### RECORDED INFORMATION ###

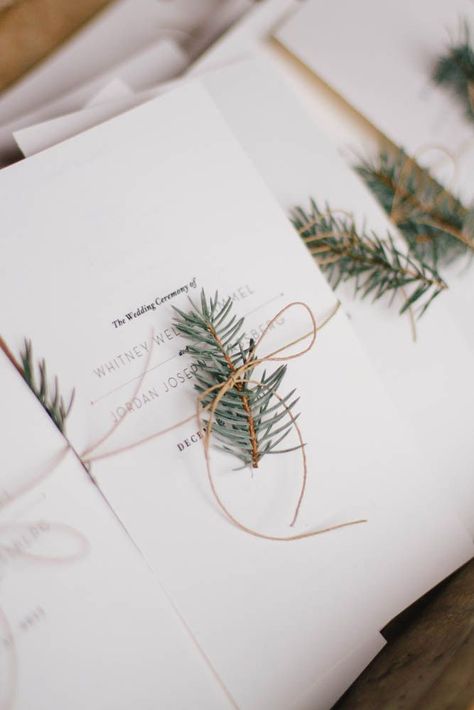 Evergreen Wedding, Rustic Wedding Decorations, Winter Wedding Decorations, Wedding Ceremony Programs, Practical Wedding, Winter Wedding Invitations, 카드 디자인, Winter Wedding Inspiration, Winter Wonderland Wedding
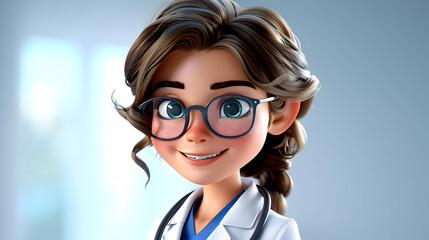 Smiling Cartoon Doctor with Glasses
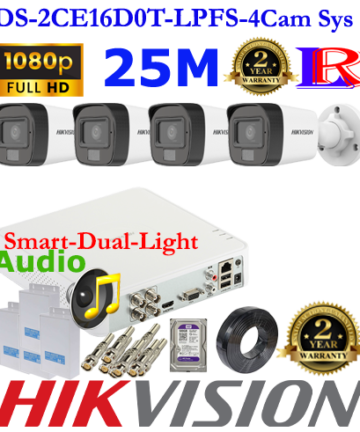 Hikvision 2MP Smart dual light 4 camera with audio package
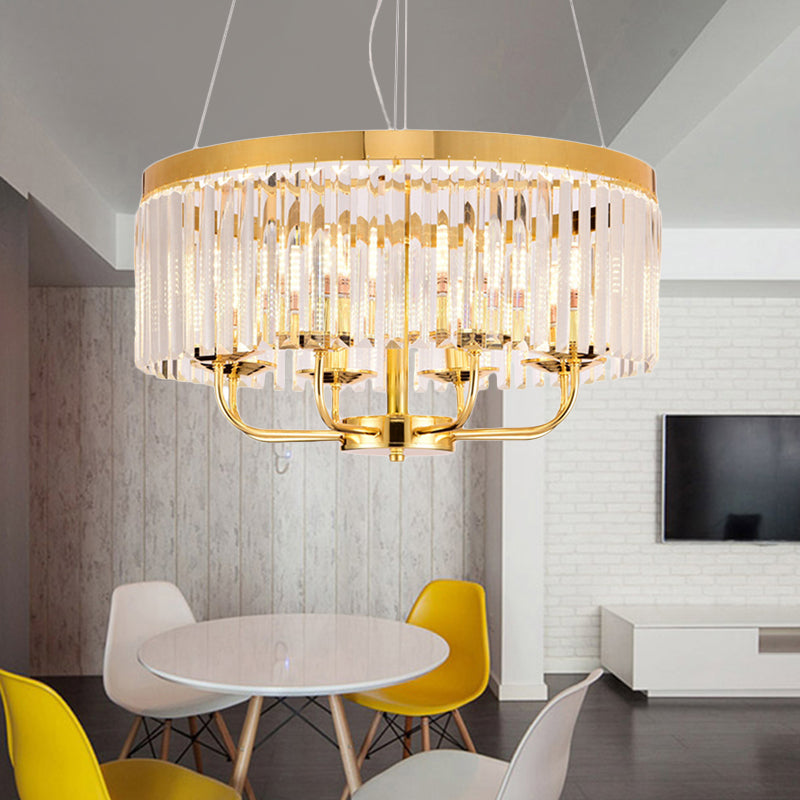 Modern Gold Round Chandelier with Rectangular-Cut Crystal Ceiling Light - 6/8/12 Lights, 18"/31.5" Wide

###

Return the data above in its exact wording, with none of the pictures.

 Evergreen Wedding, Rustic Wedding Decorations, Winter Wedding Decorations, Wedding Ceremony Programs, Practical Wedding, Winter Wedding Invitations, 카드 디자인, Winter Wedding Inspiration, Winter Wonderland Wedding
 Smiling Cartoon Doctor with Glasses
 Hikvision 2MP Smart dual light 4 camera with audio package
 Modern Gold Round Chandelier with Rectangular-Cut Crystal Ceiling Light - 6/8/12 Lights, 18"/31.5" Wide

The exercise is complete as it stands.